┌─ Source material
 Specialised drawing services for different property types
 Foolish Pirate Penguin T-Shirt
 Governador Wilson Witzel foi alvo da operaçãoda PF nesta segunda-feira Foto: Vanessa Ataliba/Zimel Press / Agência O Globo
└─
Without any change, write the listing out again.

 Specialised drawing services for different property types
 Foolish Pirate Penguin T-Shirt
 Governador Wilson Witzel foi alvo da operaçãoda PF nesta segunda-feira Foto: Vanessa Ataliba/Zimel Press / Agência O Globo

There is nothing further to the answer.